Sunday, July 12, 2009

The REAL "Bitter Reality"

The Boston Globe Magazine ran a perspective piece two weeks ago (I just got around to reading it yesterday) by Tom Keane about why locavores are bad for the environment and the economy. It was easily the worst article I have ever read about the subject. I honestly think it made me angrier than watching Glen Beck or anyone else on FOX "news". It kept me up all night thinking about the blissful visions he portrayed in his piece about industrial farm complexes. For me it was nightmarish visions of futuristic feed lots with thousands of pigs stuffed in cages, the foul, overwhelming smell of sulfur from massive lakes of feces and the dark cloud of flies that darkens the sky all day. Oh wait, that was the farm I saw somewhere in Ohio while driving to Chicago last week...

Mr. Keane's main points were:
-"the local food movement is "based on bad logic and bad economics, one that, widely adopted, would actually harm the environment and potentially impoverish millions."
-local products cost more because small, local farms are not as efficient as factory farms
-that self sustaining local economies are "rediculous" and "irrational" because "the hallmark of civilization has been specialization."
-farmers in New England should specilize only in things our region is "good for" like fishing and producing cranberries, maple syrup, and cheeses
-only buying locally will hurt Columbia and African coffee growing regions
-that to "to buy merely because something is local smacks of nativism and protectionism"

and my personal favorite...
-"local food is not greener food".

This is the link to his piece..."A Bitter Reality", you should read it.
http://www.boston.com/bostonglobe/magazine/articles/2009/06/28/a_bitter_reality/

Here is what I wrote in a letter to the editor and may have possibly sent directly to his personal email...is that appropriate?


To the Editor,

I recently read Tom Keane's perspective piece in the Globe's Sunday Magazine on June 28th and I'm sure I'm not the first to email about it. Unfortunately, the "Bitter Reality" is that he doesn't know what he is talking about. If he would take the time to talk to a local farmer he would understand how much peoples renewed interest in local foods has helped them. He mentioned items like lobsters and cranberries, but here in New England we are capable of producing a lot more than that. If we do not to support local farms who grow things other than cranberries (which don't grow throughout New England, the same goes for lobster too) small farms will not exist here in the future.

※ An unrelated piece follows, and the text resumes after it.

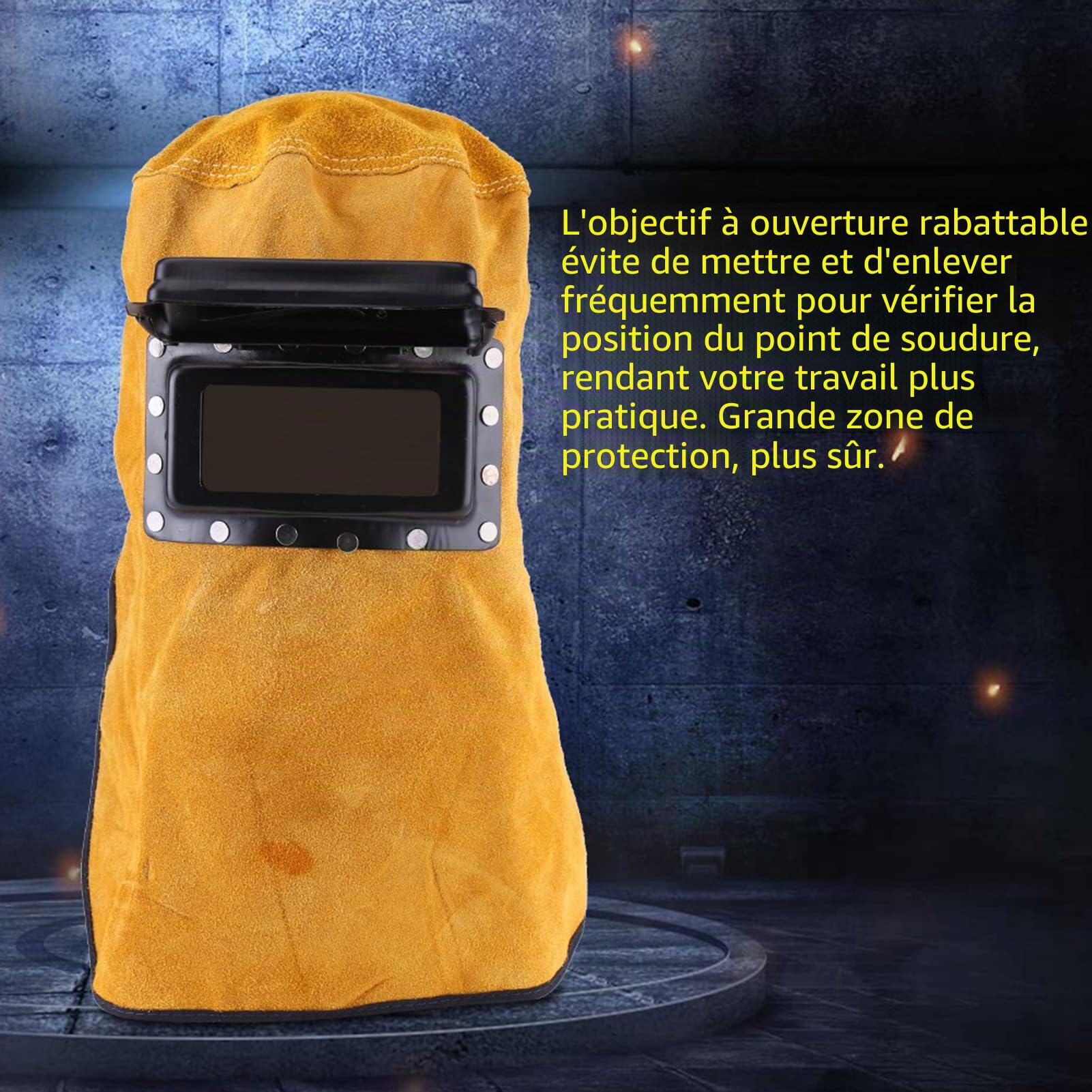 Akozon Casque de soudeur respirant avec objectif Casque de soudeur en cuir Casque de soudage à assombrissement automatique solaire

With Mr. Keane's logic, why would we buy potatoes from anywhere but Idaho? Or peaches that aren't from Georgia you ask? While it may be true that some climates are ideal for certain food production, to expect our farms to survive on cranberries, lobster, corn and tomatoes is ignorant. He clearly has no understanding of how food production works. To think that mega factory farms are "greener" than most local, small farms shows his total lack of understanding of basic farming concepts. It is these monoculture farming techniques that are destroying the farm land across our country. Depleting our soils of any nutrients while pumping if full of pesticides, herbicides and insecticides that will pollute them a generation.

Mr. Keanes's coffee growing country logic can work in reverse too. To buy a potato simply because its cheaper from Idaho rather than the one grown down the road and sold at the farm stand hurts the small time, local farmer. I don't think they can afford us not to purchase their goods either. I suppose they could pack up there tractor and drive out to Falmouth and trade it in for some lobster traps or a bog.

Further, Mr.Keane's microchip factory analogy is ridiculous. Clearly he gets some hot, sexy feeling from massive industrial farming complexes but has no real understanding of their implications. His comments on the "hallmark of civilization, specialization", has proven itself really well all across our country from Detroit to Gloucester. From cars to cod and everywhere in between.

Mr. Keane's article does nothing but continue the long held beliefs in this country that trade and the "market" are always what's best for the economy and our food system. If it is than why do people continue to starve around the globe, why are small farms closing everyday, increasing our unemployment, hurting our communities, and why are we one of the unhealthiest developed countries in the world? Something is clearly wrong with our entire food system and it is NOT caused by people who eat locally.